Fetch analytics data for search failed
This checks the latest build state of a job in production Jenkins which runs every night and updates all documents in the search index with pageview data from Google Analytics.
The only downside of this not running is that the popularity data is slightly out of date. This job should not be run in working hours.
This job has two parts:
- Page view data is fetched from Google Analytics. This process seems to sometimes hang, resulting in stuck jobs.
- The search index is locked and popularity score of every page is updated.
If the job fails or gets stuck in part 1, you can cancel it and leave it to run the next day. If you see in the Jenkins job output:
$ jenkins.util.io.CompositeIOException: Unable to delete '/var/lib/jenkins/workspace/search-api-fetch-analytics-data'.
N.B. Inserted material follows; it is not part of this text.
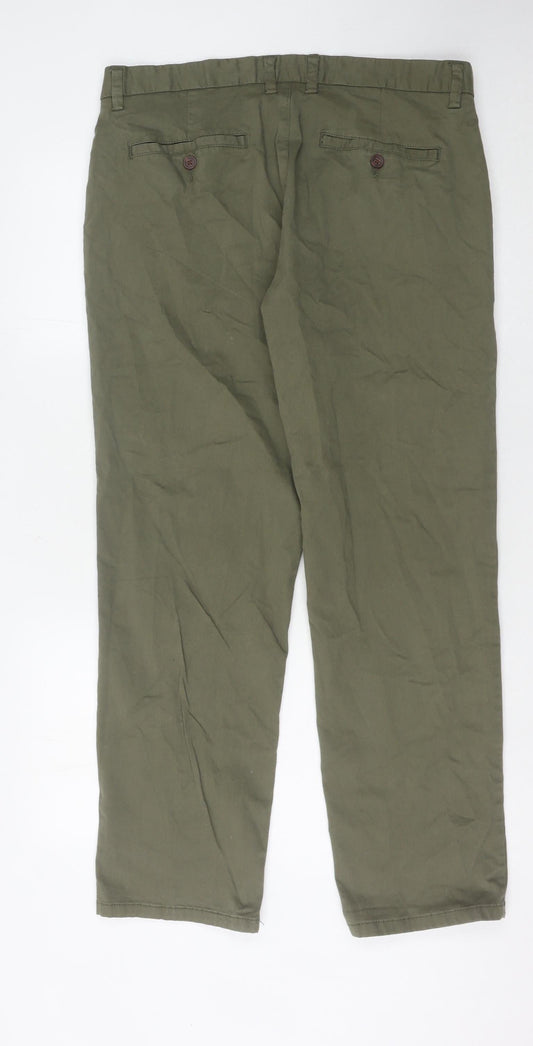 George Men's Green Chino Trousers, 36W 30L, Casual Style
The job runs a Docker container which uses
root, and if it fails the
files don’t get cleaned up properly. You can check by running the following
command on the machine:
$ sudo su - jenkins $ ls -al /var/lib/jenkins/workspace/search-api-fetch-analytics-data
total 20 drwxr-xr-x 5 jenkins jenkins 4096 Dec 31 21:17 . drwxr-xr-x 78 jenkins jenkins 4096 Feb 15 14:18 .. drwxr-xr-x 4 jenkins jenkins 4096 Dec 31 21:17 analytics_fetcher drwxr-xr-x 2 root root 4096 Dec 23 04:10 cache drwxr-xr-x 3 jenkins jenkins 4096 Dec 31 21:17 gapy
They can be removed by running:
$ sudo rm -r /var/lib/jenkins/workspace/search-api-fetch-analytics-data
The job should hopefully run successfully overnight.
If the job fails or gets stuck in part 2, the search indices may still be locked. If that’s the case, documents will be missing from search. First unlock the indices:
bundle exec rake search:unlock SEARCH_INDEX=all
Then see the “fix out-of-date search indices” docs.
If the job is failing often, make sure the team currently responsible for search are aware of the problem (or Platform Health).